Cultural heritage does not end at monuments and collections of objects. It also includes traditions or living expressions inherited from our ancestors and passed on to our descendants, such as:

    • oral traditions
    • performing arts
    • social practices
    • rituals
    • festive events
    • knowledge
    • practices concerning nature and the universe
    • the knowledge and skills to produce traditional crafts

While fragile, ICH is an important factor in maintaining cultural diversity in the face of growing globalization. An understanding of the ICH of different communities helps with intercultural dialogue and encourages mutual respect for other ways of life.

The social and economic value of the transmission of knowledge natural heritage is relevant for minority groups and for mainstream social groups within a State and is as important for developing States as for developed ones.

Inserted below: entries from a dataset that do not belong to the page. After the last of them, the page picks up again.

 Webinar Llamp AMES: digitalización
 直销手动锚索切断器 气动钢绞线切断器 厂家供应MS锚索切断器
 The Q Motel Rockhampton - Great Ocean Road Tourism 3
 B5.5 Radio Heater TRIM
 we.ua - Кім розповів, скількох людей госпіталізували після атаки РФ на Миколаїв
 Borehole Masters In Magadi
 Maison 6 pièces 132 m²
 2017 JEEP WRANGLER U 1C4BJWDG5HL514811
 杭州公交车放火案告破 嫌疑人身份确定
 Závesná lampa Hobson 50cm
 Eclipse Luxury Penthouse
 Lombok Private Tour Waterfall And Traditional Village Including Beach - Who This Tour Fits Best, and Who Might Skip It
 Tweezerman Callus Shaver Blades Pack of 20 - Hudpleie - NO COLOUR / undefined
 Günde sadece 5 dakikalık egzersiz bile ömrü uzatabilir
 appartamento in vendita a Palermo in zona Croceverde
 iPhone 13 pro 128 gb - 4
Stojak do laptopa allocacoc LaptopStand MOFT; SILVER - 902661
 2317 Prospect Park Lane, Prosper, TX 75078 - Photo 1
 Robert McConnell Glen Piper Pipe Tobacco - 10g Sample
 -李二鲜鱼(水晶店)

Intangible cultural heritage is:

    • Traditional, contemporary, and living at the same time: intangible cultural heritage does not only represent inherited traditions from the past but also contemporary rural and urban practices in which diverse cultural groups take part;
    • Inclusive: we may share expressions of intangible cultural heritage that are similar to those practiced by others. Whether they are from the neighboring village, from a city on the opposite side of the world, or have been adopted by peoples who have migrated and settled in a different region, they all are intangible cultural heritage.
    • They have been passed from one generation to another, have evolved in response to their environments and they contribute to giving us a sense of identity and continuity, providing a link from our past, through the present, and into our future.
    • Representative: intangible cultural heritage thrives on its basis in communities and depends on those whose knowledge of traditions, skills, and customs are passed on to of the community, from generation to generation, or to other communities;
    • Community-based: intangible cultural heritage can only be heritage when it is recognized as such by the communities, groups, or individuals that create, maintain, and transmit it – without their recognition, nobody else can decide for them that a given expression or practice is their heritage.

The Representative List of the Intangible Cultural Heritage of Humanity currently has 492 elements.  It includes forms of expression that testify to the diversity of intangible heritage and raises awareness of its importance.

By enhancing the visibility of communities’ cultural practices and know-how, UNESCO aims to safeguard the intangible cultural heritage of communities globally.